4.  Now it's only the first week, so don't get too excited about this one, but I have made a hot breakfast for the kids three days in a row...a first for me.  This is my big goal for the year.  When I was pregnant with Ethan, I could hardly function at all, and so Caleb would pour cold cereal and milk for everyone.  The kids got quite self-sufficient at getting their own breakfasts and somehow I've just never been good about making it since.  But for the past couple of years I've really felt like I've been missing an opportunity to talk to my kids, and nurture them, and send them out the door feeling "mothered."  We'll see how it goes. 

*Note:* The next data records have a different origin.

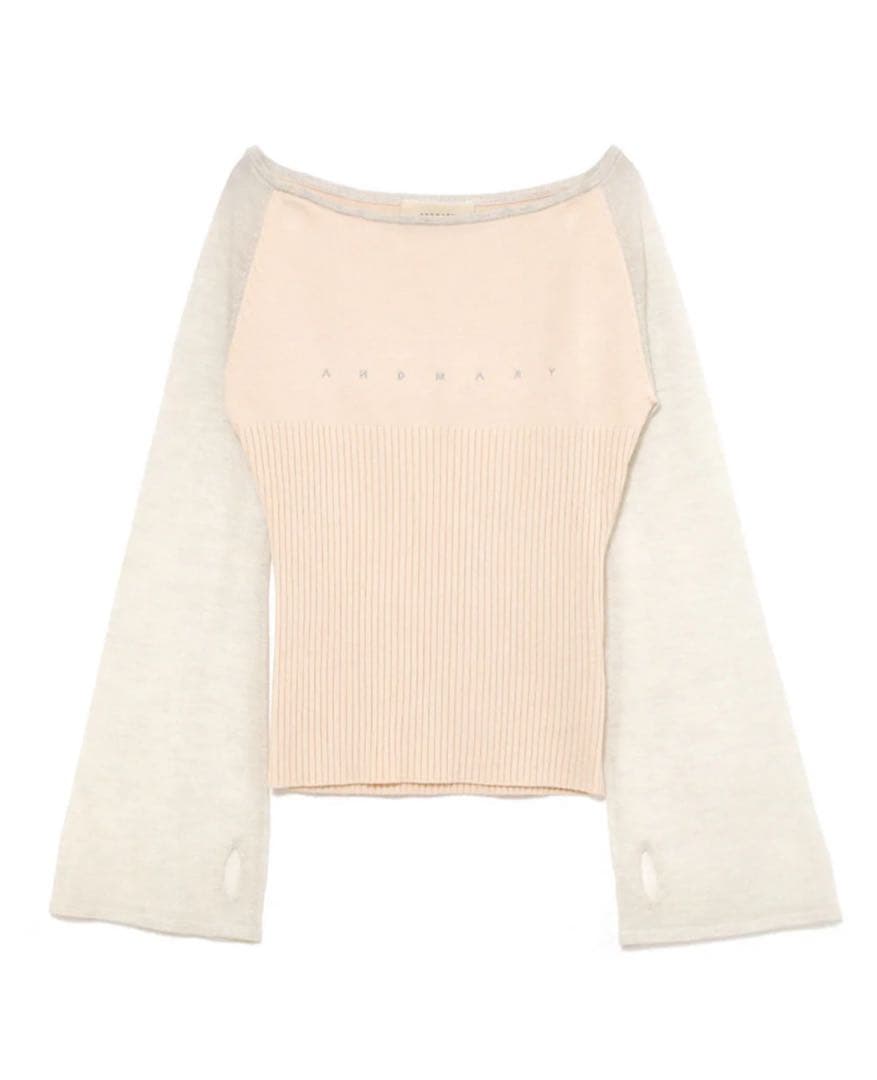 Amari knit tops gray グレー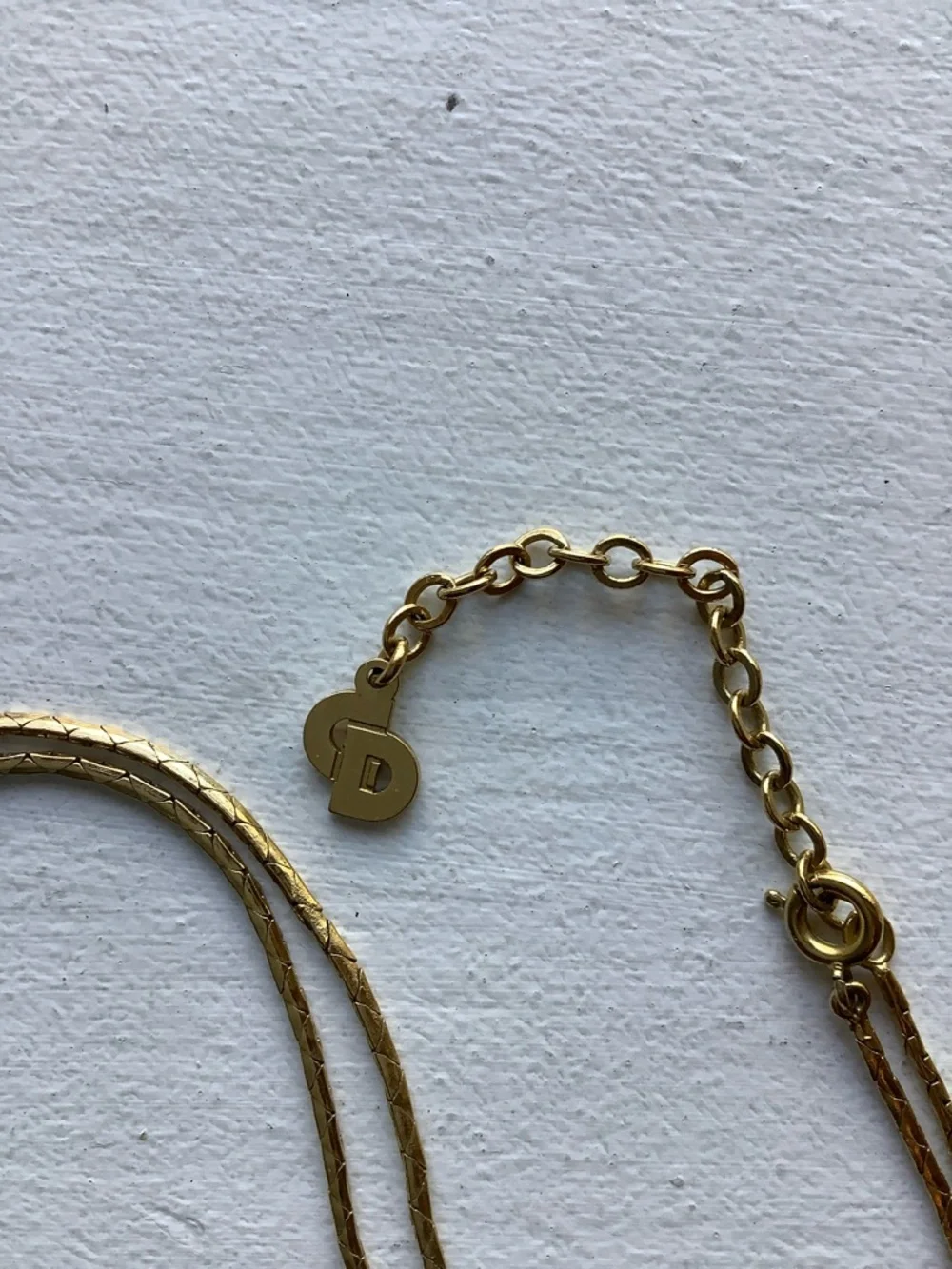 Christian Dior Lapis necklace  RARE! VTG. - Picture 3 of 5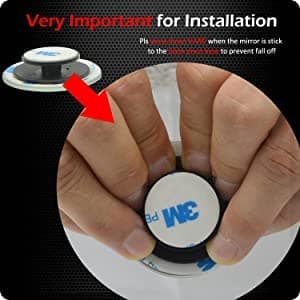Ampper Blind Spot Mirror, 2" Round HD Glass Frameless Convex Rear View Mirror, Pack of 2 thumbnail 7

5.  We made it to the first chapter of 3rd Nephi in the Book of Mormon on Tuesday morning.  Our summer scripture reading was nothing short of pathetic, and it feels so good to get our reading going again consistently.  RIM keeps pointing out the perks of returning to "real life."  After scriptures this morning she smugly whispered to CIM, "See...going back to school is a good thing." 


6.  Ethan came home this morning and put his hand on his heart and said the first line of the pledge of allegiance.   I had to put my hand on my own heart to keep it from shattering.  My life is passing like a dream.